I can see two approaches to handle this:

Approach 1. Use a dedicated convex optimization method that handles box constraints (e.g., projected gradient descent; L-BFGS-B, i.e., L-BFGS with box constraints).

Approach 2. Apply a nonlinear transform to force $x$ to be in the box $[-1,1]^n$. In particular, define

$$g(w) = f(\varphi(w))$$

where $\varphi: \mathbb{R}^n \to \mathbb{R}^n$ applies the hyperbolic tangent coordinate-wise, i.e., $\varphi(w)_i = \tanh w_i$. Then, solve the unconstrained optimization problem

$$\text{minimize }\;g(w)$$

where now we allow $w$ to range over all of $\mathbb{R}^n$. Note that the solution $w$ to this unconstrained problem immediately yields a solution to the original problem, by taking $x = \varphi(w)$. We can then use any optimization procedure to solve the unconstrained problem -- we're not limited to ones that explicitly support box constraints. Basically, I'm just applying a substitution or change-of-variables to force the box constraints to always hold.

My question. Is there any reason to prefer one approach over the other? Should we expect one to converge significantly faster, or be more robust, or something?

In the readings I've done so far, I've seen lots of references to Approach 1, but I've never seen anyone mention Approach 2. Are there any pitfalls with Approach 2 that I should be aware of?

I have a convex optimization solver that seems to work well in my domain, but doesn't support box constraints. So, if there are no pitfalls or shortcomings of Approach 2, it would be convenient to apply the solver I already have to solve the unconstrained optimization problem. (The existing solver already has many well-tuned heuristics; it would be painful to implement projected gradient descent or L-BFGS from scratch and implement all of those heuristics.) However, I want to find out if there are some pitfalls I might not be aware of with Approach 2.

Approach 2 seems vaguely reminiscent of barrier methods (or interior point methods), though it's not the same. Does the theory in that area offer any relevant insights into this question?

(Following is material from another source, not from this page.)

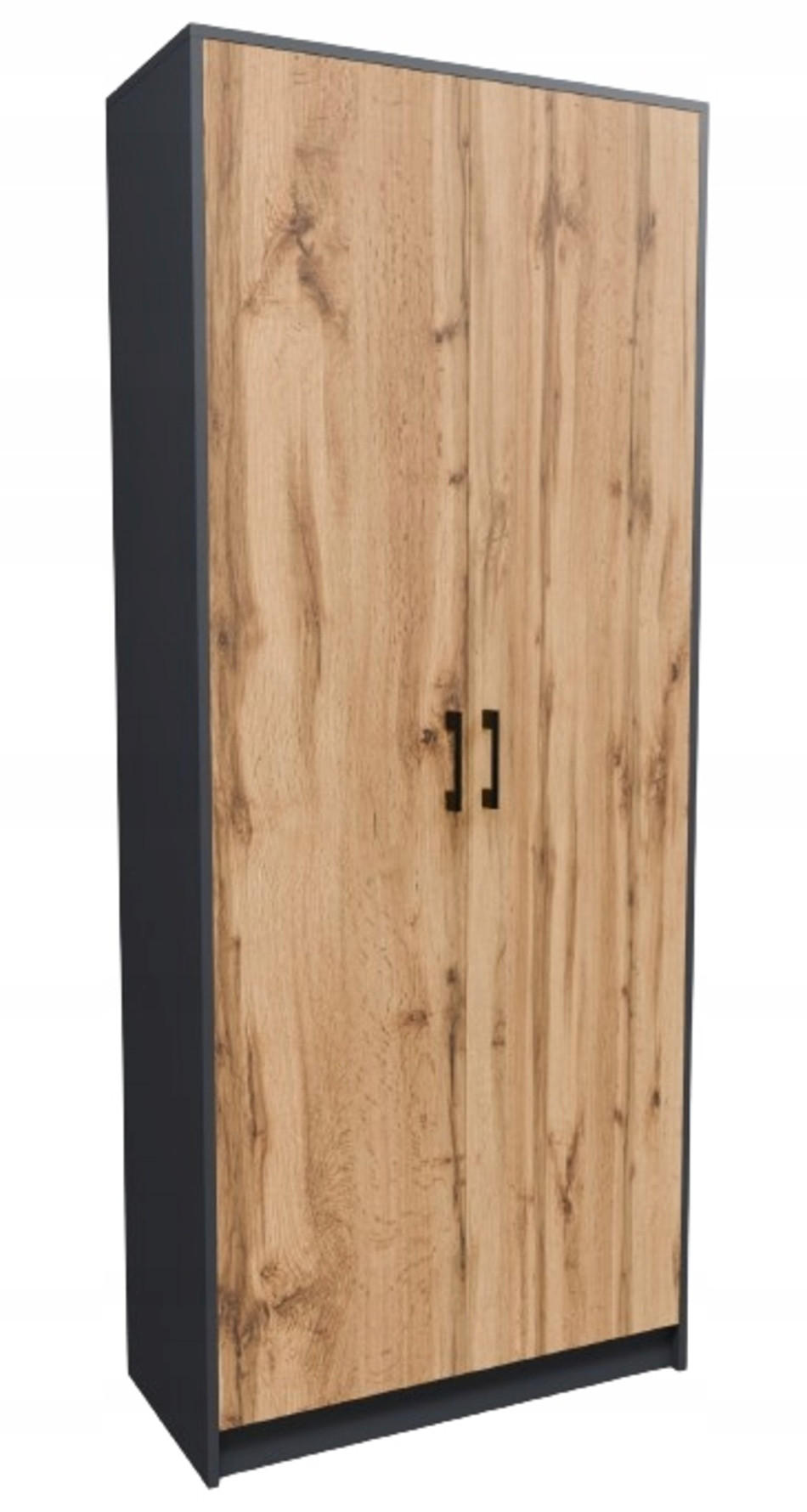 Matkam Möbel Bücherregal Anthrazit 74x180x35 cm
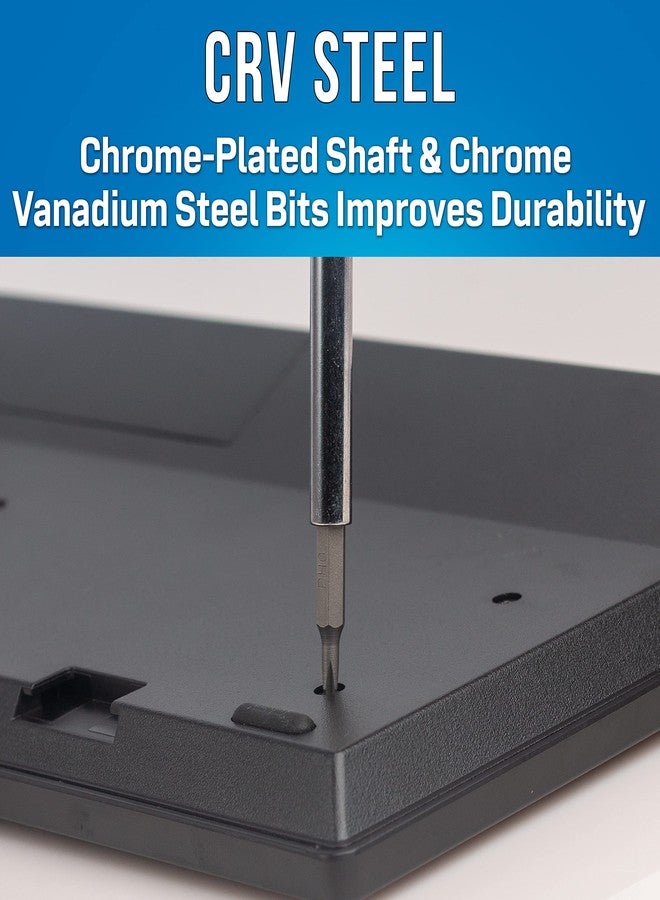 جونارد تولز مفك براغي دقيق متعدد الرؤوس SD-41 من جونارد تولز، 4 في 1، برؤوس فيليبس مقاس 0 و00، ورؤوس ذات فتحات في الخزانة مقاس 1/8 بوصة و3/32 بوصة - Image 5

A solution to your original problem probably has some components equal to $\pm 1$, but hyperbolic tangent is never equal to $\pm 1$. Thus, the reformulated problem probably has no minimizer. Also, $g $ is probably not convex, so convexity has been lost.

You mentioned the projected gradient method. You might also consider FISTA or the TFOCS software package.


Even if the question is outdated, let me suggest some other approaches in case someone happens to have a similar problem and finds its way here.

The Projected Newton method has been very useful to me when you need to minimize a quadratic objective under box constraints. Especially so if the Hessian matrix turns to be sparse or has some structure that allows fast inverse calculation.

Alternatively if you problem is not quadratic but the gradient is cheap to compute I would suggest the already mentioned Projected Gradient, or the Frank-Wolfe method. Usually the tricky part of this method involves solving a subproblem where you minimize a linear function subject to your problem constraints. Fortunately, having just box constraints makes this very easy!